Because unless storage cost drops as fast as the BlueSky data grows (unlikely?), to me this architecture looks like it will very soon kick out smaller players and leave only BlueSky with enough money to keep the AppView running.

[0] https://whtwnd.com/futur.blue/3ls7sbvpsqc2w

danabramov · 2025-08-31T09:59:44 1756634384

I can’t speak to how fast it grows and what it was, but I mean — if what you want is to keep the entire data of the network (similar to having all tweets on Twitter) ready to be queried then you have to store them. That’s just unavoidable in any technological solution. Alternatively you could hydrate and query posts on-demand from their sources (PDS), and people have done that as an experiment, but you need at least some aggregation to happen somewhere (for reconstructing reply lists or like lists etc). If more collectively-run network caches are available, this becomes more feasible without storing everything yourself.

In any case, if you’re okay with a partial snapshot of the network (eg all posts during some window or even more partial) then you can arbitrarily narrow that down. In Mastodon, having a “full” archive is downright impossible which is why we’re not talking about the same with regards to Mastodon. Whereas ATProto makes it possible, with the cost being the floor of what you’d expect the cost for storing data to be. How could it be better?

ttiurani · 2025-08-31T10:14:35 1756635275

> if what you want is to keep the entire data of the network (similar to having all tweets on Twitter) ready to be queried then you have to store them.

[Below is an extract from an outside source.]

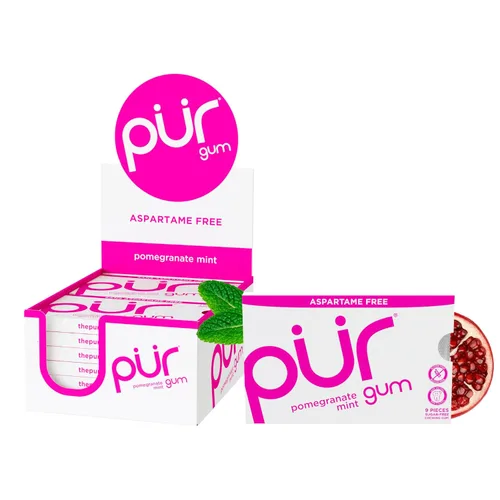 Miniatura 17 de PUR Gum Chicle sin aspartamo 100% xilitol Chicle con sabor natural a menta piperita, 9 piezas (paquete de 12)
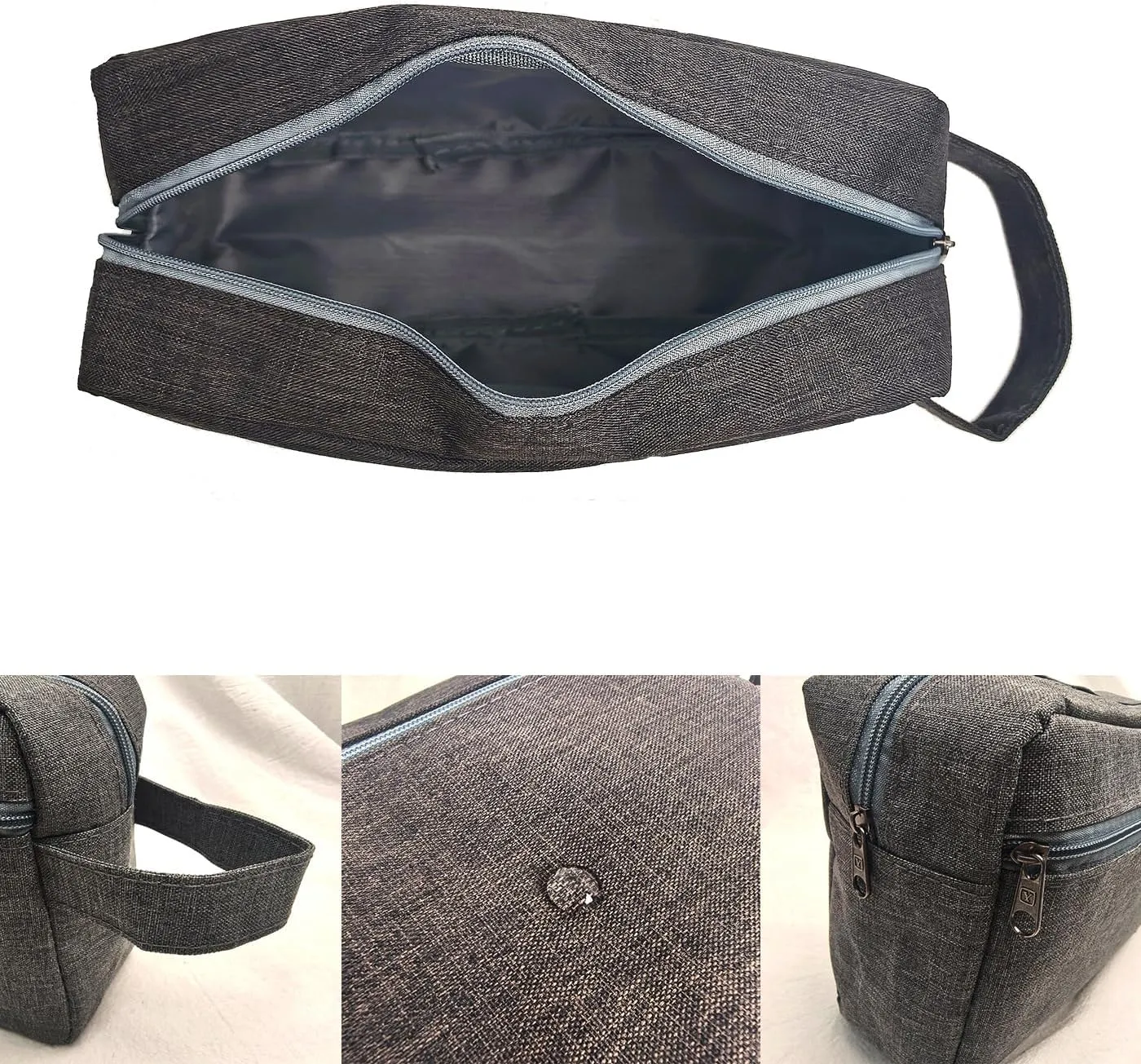 Custom Embroidered Minimalist Toiletry Bag for Men & Women - Lightweight Cationic Fabric Travel Organizer, Shaving Bag,Perfect for Groomsmen Gifts & Personalized Use (1, Dark Gray)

They need to be stored, but do they technically have to be stored by just one AppView? I get that it's a 100x easier to implement it like that, but I don't think a distributed search would've been technically impossible (although, granted, necessarily it would have had worse UX).

Choosing this feature and then implementing it like they did was a technical choice. Technical choices have consequences and this, I think, was the one which will prevent BlueSky from reaching any meaningful decentralization.

And saying "you can create an inferior UX with affordable costs" is not a real answer. Any meaningful decentralization IMO can only happen if it's affordable to create feature identical nodes. That can only happen if you refuse to implement features in ways that need centralization to scale.

danabramov · 2025-08-31T14:26:02 1756650362

I’m not sure what choice you’re referring to here. Yes, simply loading data from the database is the most straightforward solution, and that’s what Bluesky itself did for its AppView. That’s kind of the default model in general in web development — and has nothing to do with decentralization. If you were running a centralized Twitter, storing the amount that Twitter stores would cost you exactly the same.

On the contrary, ATProto adds flexibility here. There are community-run projects like https://constellation.microcosm.blue/ that let small application builders avoid that burden. Of course you don’t want to overwhelm those by building a massive app on top. But the point is that ATProto starts with equivalent baseline to what you’d pay running a centralized service, and then gives you room to play with distribution of costs, potentially going all the way down to directly querying PDS’s on-demand or something in between like community-maintained caches or even potential third-party app-agnostic aggregation services. Eg you could imagine AWS, Vercel or Cloudflare building “app platforms” in five years that let you cheaply query shared data.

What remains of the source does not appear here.